The scheme – which will see each school involved receiving 20 bikes – has been introduced at the suggestion of Green councillors in the city. The schools that will be targeted are those already signed up to cycling proficiency scheme, Bikeability Scotland, with the bikes likely to be loaned out to a child for the entire school year.

Martha Wardrop, the Green councillor for Glasgow’s Hillhead, told Tes Scotland that although cycling to school was on the rise in Glasgow the city’s figures remained lower than Edinburgh’s.

The percentage of students who cycled to school in Glasgow rose from 1.4 per cent in 2008 to 2.8 per cent in 2016, according to the Hands Up Scotland Survey conducted annually by walking and cycling charity, Sustrans Scotland. But the percentage of students who cycled to school in Edinburgh in 2016 was 5.7 per cent, the survey found.

Safety first

Concerns about safety and the cost of buying a bike had stopped children in Glasgow from cycling to school, said Ms Wardrop.

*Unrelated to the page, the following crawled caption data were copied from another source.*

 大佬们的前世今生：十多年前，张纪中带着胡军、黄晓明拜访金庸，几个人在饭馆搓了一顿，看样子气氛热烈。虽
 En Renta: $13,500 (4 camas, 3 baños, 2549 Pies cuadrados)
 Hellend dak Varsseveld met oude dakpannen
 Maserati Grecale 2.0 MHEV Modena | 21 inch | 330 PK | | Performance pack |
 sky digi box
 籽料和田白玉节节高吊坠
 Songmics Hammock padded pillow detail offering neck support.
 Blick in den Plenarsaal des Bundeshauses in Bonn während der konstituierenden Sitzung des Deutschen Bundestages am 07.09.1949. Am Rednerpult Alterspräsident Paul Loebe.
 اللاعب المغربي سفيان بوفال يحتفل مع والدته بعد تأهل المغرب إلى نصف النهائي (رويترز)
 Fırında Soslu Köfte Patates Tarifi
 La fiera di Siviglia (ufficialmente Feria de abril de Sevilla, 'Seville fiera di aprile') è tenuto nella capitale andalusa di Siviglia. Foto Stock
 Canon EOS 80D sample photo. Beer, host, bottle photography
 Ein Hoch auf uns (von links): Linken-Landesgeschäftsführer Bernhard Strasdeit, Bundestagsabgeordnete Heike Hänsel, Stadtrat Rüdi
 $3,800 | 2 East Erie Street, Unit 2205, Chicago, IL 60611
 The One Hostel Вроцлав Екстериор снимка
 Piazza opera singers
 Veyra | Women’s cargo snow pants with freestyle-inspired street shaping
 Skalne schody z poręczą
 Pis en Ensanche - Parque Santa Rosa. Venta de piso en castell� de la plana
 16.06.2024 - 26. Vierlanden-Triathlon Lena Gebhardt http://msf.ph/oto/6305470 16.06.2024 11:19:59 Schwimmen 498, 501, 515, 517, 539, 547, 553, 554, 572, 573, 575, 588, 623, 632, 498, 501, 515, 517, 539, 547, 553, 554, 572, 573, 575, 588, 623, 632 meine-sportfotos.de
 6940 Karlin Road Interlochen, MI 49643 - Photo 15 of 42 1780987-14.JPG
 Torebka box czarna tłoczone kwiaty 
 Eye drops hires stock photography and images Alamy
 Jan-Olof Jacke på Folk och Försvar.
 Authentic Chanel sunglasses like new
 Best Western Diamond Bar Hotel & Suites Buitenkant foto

A survey earlier this year found the main barrier to children walking or cycling to school was parents’ fears over safety. Meanwhile, a study by the End Child Poverty campaign earlier this year found Glasgow Central ranks 12th out of 650 constituencies in the UK for child poverty, with 45 per cent of all children living in poverty.

Ms Wardrop continued: “It is encouraging to see the number of children cycling to school in Glasgow has doubled. However, this is well below what should be expected in terms of the overall rise in numbers of people cycling on Glasgow's roads.

“We know that poverty may have hindered the development of cycling to school in Glasgow. This scheme will make active travel more accessible to children from more disadvantaged circumstances.”

Twenty bikes per school were “small scale” but it was important the scheme was manageable for school staff who were already under a lot of pressure, she said.

Ms Wardrop added: “We know that there are huge demands already on teachers’ time. Hopefully, they will feel this isn’t too much extra work for them to support.”